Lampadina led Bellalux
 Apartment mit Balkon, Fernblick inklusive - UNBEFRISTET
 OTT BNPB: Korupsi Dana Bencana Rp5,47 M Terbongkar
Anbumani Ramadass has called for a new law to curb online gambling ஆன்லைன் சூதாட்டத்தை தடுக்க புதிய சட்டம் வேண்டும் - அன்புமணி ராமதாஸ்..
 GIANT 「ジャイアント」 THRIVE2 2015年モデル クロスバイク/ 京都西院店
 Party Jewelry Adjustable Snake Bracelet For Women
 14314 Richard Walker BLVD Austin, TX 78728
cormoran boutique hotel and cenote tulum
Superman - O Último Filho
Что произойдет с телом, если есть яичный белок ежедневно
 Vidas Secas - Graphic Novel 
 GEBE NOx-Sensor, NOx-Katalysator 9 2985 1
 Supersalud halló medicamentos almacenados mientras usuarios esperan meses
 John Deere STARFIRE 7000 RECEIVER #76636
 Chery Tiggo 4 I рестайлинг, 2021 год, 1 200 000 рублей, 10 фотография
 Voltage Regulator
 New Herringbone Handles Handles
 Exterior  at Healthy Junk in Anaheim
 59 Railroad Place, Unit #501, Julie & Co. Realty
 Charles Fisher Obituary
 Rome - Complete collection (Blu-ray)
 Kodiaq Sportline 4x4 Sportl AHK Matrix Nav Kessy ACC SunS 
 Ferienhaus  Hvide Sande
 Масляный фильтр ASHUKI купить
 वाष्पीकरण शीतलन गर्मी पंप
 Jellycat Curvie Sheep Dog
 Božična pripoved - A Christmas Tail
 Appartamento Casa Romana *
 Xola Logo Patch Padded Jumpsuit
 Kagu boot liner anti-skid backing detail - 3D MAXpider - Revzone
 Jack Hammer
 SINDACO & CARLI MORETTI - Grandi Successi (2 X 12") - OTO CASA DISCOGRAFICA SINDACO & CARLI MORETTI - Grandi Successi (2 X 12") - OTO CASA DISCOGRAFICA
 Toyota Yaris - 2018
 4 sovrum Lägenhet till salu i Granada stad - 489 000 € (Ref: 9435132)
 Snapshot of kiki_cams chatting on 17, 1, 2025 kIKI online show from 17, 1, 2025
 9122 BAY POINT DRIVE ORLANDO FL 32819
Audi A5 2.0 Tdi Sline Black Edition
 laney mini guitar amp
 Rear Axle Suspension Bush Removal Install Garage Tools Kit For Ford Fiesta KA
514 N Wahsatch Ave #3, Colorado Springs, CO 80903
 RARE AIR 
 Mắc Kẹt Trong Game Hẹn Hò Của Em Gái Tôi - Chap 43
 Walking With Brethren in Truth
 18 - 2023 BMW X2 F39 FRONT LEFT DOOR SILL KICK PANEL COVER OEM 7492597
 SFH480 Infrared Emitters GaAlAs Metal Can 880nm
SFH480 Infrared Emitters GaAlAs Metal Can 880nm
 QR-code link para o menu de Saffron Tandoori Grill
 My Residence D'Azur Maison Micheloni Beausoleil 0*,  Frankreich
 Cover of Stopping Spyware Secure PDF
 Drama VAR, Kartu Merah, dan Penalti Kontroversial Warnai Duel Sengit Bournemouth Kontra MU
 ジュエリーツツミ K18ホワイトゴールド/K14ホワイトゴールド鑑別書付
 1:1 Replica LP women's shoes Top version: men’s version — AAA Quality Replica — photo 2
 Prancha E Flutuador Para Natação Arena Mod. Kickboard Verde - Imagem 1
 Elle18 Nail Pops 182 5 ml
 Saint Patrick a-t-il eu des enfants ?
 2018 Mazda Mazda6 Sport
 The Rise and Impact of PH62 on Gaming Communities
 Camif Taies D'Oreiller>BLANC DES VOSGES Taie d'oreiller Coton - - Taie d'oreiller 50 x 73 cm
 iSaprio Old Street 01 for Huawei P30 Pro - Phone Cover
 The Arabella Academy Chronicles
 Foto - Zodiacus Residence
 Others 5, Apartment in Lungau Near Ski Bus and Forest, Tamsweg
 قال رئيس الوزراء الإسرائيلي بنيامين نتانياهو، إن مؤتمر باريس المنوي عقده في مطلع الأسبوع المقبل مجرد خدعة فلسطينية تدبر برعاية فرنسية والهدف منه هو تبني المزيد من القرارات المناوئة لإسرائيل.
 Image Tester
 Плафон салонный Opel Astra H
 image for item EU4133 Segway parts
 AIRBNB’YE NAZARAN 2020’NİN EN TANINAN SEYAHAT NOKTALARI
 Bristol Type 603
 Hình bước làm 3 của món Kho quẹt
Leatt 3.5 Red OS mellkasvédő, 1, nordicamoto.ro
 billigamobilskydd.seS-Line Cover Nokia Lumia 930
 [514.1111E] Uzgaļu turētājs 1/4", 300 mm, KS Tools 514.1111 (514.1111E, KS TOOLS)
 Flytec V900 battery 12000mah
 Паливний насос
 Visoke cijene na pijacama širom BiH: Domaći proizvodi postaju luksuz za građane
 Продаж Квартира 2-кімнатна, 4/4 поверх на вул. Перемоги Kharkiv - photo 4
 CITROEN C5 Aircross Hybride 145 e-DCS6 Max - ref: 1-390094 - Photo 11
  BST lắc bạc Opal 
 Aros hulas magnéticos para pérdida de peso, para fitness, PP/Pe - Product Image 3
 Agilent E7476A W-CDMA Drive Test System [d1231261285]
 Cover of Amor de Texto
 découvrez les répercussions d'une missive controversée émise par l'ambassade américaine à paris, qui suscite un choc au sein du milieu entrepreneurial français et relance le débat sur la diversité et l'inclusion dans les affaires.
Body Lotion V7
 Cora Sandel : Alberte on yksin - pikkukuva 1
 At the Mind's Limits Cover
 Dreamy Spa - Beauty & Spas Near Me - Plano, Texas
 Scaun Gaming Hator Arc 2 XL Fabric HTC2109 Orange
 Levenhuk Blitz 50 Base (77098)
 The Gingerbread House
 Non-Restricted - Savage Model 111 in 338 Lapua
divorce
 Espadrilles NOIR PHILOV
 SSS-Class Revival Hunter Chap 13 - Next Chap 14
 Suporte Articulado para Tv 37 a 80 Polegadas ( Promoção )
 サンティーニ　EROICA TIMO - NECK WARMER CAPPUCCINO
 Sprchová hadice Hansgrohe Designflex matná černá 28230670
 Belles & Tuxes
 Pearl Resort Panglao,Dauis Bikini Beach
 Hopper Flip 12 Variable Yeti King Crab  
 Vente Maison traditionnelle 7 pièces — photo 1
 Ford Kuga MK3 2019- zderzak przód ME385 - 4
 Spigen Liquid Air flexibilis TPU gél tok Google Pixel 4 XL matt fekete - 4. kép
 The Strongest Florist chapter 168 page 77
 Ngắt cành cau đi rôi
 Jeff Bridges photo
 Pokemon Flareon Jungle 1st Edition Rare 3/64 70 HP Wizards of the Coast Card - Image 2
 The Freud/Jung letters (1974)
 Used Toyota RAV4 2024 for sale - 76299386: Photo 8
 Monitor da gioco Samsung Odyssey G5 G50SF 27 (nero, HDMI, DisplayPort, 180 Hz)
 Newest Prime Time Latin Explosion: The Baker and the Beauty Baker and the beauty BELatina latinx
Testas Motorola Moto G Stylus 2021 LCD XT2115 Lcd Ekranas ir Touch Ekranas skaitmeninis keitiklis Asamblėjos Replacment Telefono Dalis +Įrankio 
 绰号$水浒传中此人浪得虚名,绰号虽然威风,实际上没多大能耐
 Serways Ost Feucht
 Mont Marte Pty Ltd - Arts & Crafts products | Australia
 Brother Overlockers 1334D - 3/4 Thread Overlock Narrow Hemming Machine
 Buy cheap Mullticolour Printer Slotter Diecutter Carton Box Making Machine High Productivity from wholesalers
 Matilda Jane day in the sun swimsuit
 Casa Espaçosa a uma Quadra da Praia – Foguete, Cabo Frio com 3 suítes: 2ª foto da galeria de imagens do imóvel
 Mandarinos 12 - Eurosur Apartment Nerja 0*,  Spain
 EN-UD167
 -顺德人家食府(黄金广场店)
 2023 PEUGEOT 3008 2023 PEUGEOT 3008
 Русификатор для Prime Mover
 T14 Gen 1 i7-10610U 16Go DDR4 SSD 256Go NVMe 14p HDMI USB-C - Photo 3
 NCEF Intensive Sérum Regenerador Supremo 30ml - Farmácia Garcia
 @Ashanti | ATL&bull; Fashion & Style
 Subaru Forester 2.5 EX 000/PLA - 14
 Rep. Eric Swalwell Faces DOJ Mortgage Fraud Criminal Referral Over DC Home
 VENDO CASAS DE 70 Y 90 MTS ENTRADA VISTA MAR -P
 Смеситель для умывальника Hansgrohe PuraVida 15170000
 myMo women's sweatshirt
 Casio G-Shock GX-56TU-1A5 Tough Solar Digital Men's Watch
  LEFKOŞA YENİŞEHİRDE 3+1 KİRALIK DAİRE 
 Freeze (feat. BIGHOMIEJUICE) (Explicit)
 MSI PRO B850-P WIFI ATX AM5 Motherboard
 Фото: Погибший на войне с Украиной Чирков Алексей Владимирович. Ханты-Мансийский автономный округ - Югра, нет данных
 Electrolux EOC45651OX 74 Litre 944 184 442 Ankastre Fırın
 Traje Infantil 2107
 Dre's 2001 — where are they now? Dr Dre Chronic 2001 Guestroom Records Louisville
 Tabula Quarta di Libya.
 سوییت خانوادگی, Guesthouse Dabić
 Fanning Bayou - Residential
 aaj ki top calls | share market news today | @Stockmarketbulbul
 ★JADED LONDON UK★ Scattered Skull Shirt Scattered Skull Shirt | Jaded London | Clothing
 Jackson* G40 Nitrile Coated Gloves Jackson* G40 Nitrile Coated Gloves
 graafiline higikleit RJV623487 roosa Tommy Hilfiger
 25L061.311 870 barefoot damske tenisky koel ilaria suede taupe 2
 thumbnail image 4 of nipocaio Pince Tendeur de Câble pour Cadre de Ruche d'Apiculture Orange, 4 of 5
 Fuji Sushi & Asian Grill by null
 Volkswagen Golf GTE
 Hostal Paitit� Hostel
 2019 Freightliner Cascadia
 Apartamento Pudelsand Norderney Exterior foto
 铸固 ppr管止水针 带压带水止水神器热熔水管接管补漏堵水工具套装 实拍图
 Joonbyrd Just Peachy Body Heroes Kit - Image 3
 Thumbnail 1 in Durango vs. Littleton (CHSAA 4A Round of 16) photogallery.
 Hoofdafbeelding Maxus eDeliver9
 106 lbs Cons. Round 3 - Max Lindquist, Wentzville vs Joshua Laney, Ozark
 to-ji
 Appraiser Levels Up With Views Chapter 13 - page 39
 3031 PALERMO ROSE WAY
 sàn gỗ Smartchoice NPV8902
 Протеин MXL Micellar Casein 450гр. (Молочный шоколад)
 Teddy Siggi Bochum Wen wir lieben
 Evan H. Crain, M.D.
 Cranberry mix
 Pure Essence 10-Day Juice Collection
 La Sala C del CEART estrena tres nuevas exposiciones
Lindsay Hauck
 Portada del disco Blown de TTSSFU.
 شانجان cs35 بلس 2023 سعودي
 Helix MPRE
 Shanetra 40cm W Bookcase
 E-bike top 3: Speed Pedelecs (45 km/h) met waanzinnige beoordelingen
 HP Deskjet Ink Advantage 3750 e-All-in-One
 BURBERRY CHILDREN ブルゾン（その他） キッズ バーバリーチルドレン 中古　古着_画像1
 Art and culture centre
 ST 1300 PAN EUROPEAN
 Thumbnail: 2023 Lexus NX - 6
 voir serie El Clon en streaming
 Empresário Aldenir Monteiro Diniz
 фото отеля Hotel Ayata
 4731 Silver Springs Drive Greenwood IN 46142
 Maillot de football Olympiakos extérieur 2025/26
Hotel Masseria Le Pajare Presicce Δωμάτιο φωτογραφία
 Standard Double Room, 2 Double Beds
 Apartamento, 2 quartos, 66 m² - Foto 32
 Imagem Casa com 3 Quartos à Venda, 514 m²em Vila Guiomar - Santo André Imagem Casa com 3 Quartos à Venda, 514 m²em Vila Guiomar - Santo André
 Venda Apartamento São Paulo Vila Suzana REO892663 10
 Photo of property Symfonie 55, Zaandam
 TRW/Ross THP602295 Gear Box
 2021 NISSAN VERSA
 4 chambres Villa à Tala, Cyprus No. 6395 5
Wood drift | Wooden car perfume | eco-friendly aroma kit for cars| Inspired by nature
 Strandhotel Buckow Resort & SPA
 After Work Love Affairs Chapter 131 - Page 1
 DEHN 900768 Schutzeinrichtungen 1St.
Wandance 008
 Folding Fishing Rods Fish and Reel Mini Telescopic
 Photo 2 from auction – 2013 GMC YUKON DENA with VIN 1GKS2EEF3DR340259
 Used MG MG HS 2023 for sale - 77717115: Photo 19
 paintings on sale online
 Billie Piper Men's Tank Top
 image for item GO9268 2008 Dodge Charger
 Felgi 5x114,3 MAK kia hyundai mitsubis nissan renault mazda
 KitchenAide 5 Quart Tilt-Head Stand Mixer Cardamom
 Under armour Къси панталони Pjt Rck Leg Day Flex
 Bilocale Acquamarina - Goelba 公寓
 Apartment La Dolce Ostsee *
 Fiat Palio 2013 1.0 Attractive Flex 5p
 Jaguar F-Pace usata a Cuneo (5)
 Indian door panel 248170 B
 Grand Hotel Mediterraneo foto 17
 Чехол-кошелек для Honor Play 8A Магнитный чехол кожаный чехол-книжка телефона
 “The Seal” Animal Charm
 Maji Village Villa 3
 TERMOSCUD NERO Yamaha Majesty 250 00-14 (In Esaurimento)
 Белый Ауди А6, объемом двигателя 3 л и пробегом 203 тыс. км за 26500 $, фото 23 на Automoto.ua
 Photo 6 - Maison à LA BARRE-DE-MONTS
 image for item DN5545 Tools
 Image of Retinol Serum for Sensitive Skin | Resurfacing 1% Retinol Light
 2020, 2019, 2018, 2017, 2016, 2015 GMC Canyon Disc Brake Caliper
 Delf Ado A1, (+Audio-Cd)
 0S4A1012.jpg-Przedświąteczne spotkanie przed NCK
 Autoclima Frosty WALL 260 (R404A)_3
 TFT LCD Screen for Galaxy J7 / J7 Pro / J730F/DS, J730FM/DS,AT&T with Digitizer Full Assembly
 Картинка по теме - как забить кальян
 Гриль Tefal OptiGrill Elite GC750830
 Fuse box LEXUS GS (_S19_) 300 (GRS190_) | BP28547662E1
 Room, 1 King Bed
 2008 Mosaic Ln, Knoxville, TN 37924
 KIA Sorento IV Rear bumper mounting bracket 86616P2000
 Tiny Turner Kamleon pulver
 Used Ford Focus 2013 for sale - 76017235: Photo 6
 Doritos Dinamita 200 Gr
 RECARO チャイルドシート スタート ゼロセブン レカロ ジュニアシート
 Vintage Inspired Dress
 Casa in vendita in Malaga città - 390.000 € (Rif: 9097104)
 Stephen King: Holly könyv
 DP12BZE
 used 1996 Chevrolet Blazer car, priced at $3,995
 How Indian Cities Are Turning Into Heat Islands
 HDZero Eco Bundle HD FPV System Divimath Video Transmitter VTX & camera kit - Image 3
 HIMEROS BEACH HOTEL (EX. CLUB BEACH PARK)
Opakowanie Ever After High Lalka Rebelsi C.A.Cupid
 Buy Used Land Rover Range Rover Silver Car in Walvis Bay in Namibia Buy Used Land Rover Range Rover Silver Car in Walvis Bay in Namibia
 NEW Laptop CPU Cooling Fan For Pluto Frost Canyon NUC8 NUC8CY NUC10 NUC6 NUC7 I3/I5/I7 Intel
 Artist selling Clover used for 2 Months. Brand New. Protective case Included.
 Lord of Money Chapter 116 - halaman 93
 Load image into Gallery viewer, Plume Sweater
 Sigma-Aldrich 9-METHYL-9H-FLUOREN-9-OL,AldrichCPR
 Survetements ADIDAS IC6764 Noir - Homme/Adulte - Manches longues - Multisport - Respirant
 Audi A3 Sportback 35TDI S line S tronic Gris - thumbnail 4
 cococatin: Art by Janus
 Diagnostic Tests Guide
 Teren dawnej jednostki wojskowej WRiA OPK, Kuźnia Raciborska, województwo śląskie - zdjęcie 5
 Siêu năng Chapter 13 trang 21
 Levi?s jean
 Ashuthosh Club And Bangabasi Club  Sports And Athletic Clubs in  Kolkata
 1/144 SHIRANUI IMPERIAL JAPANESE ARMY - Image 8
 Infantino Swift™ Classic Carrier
########
What to do
The lines to return are those with the string "Beauty" in them; copy each from the entries above.

Answer section
 Dreamy Spa - Beauty & Spas Near Me - Plano, Texas
 Newest Prime Time Latin Explosion: The Baker and the Beauty Baker and the beauty BELatina latinx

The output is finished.